What You Need To Know:
(H, L, S, A, M) Situational ethics -- mild relativism; 5 obscenities, 4 profanities & 6 vulgarities; implied fornication between teenagers; drunkenness; and, gambling.
In HOUSEGUEST, Sinbad plays a grown-up orphan who still clings to his childhood dreams of striking it rich and proving his nay-sayers wrong. Unfazed by a depressing history of get-rich-quick failures, he maintains that his big payday is just around the corner. On the run from loan sharks, Sinbad is rescued when Phil Hartman mistakes him for an old school friend in town for the weekend and takes him home to his family. For safety sake, Sinbad must keep up the masquerade and feign expertise in dentistry, golf and wine tasting. You can imagine the comic possibilities.
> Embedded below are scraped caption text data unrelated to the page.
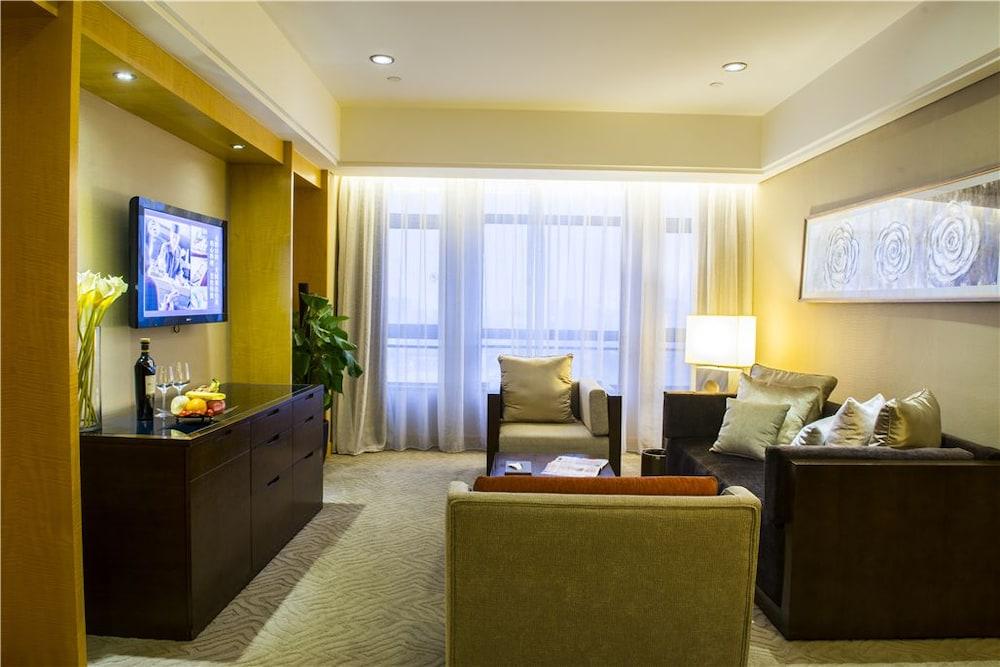 Windsor Park Hotel Kunshan Kunsan Kültér fotó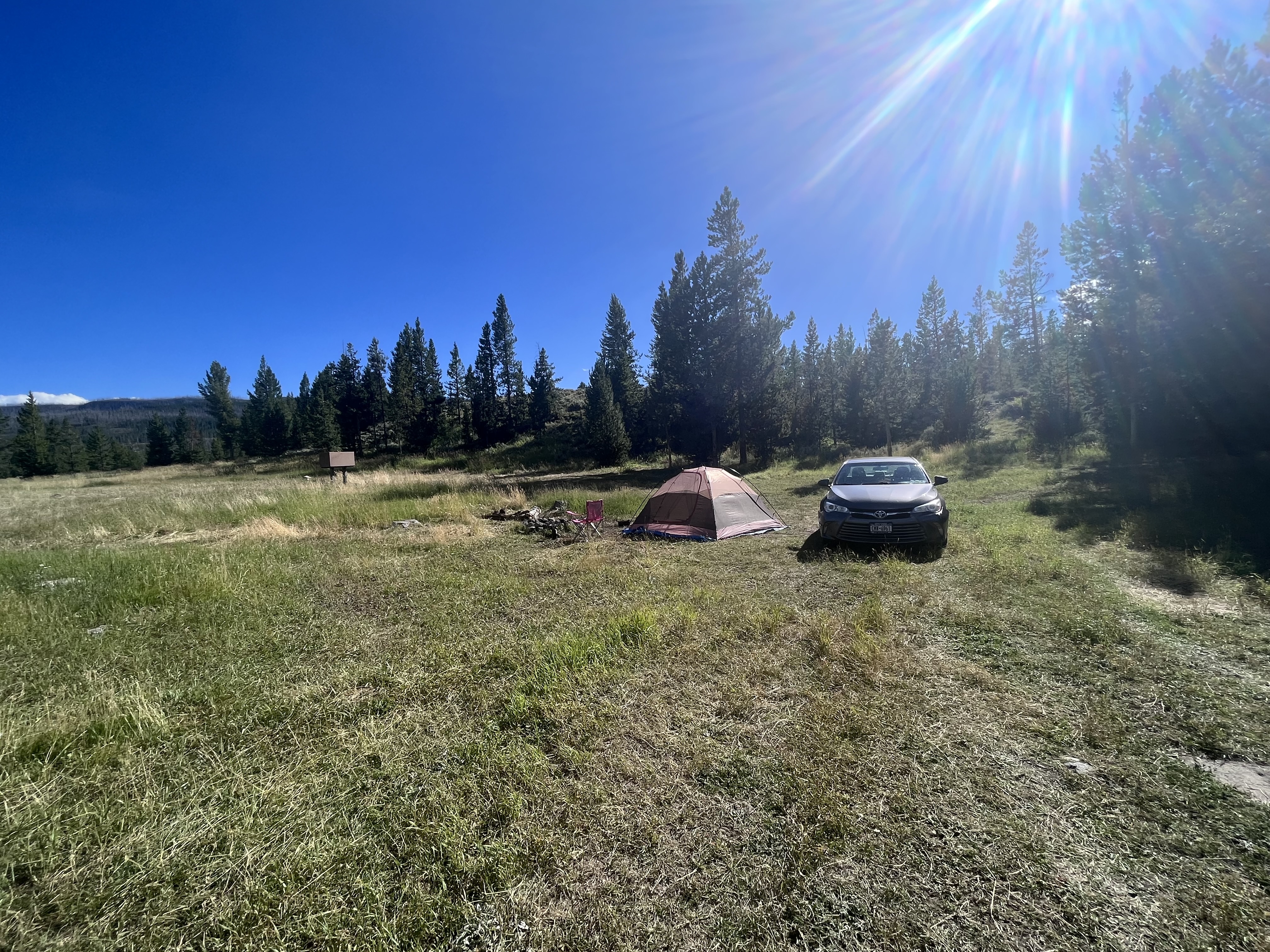 Warm Springs Dispersed Camping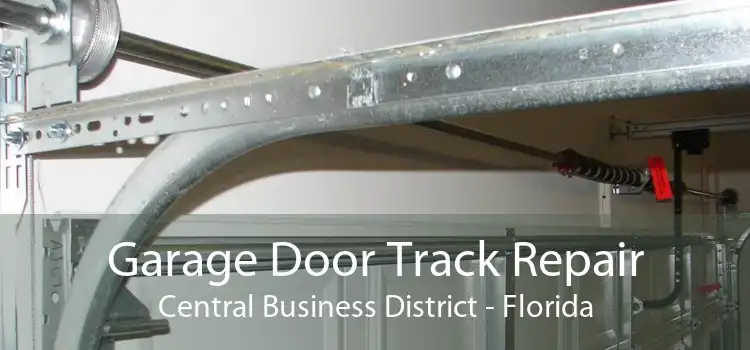 Garage Door Track Repair Central Business District - Florida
HOUSEGUEST leaves no room for doubt that the movie STARS Sinbad. Sometimes difficult to tell whether he is acting or just being himself, Sinbad and the situations he creates are genuinely funny, and the movie’s storyline and supporting characters come to life in his presence. What HOUSEGUEST fails to deliver is consistent morality, portraying teenage sex and rebellion as natural and acceptable. Also, though Sinbad feels remorse for his dishonesty, his behavior changes little, implying it is acceptable because he knows his limits and is cool enough to handle it. While the movie does portray his behavior as unacceptable for others, the inevitable hypocrisy detracts from an otherwise enjoyable movie.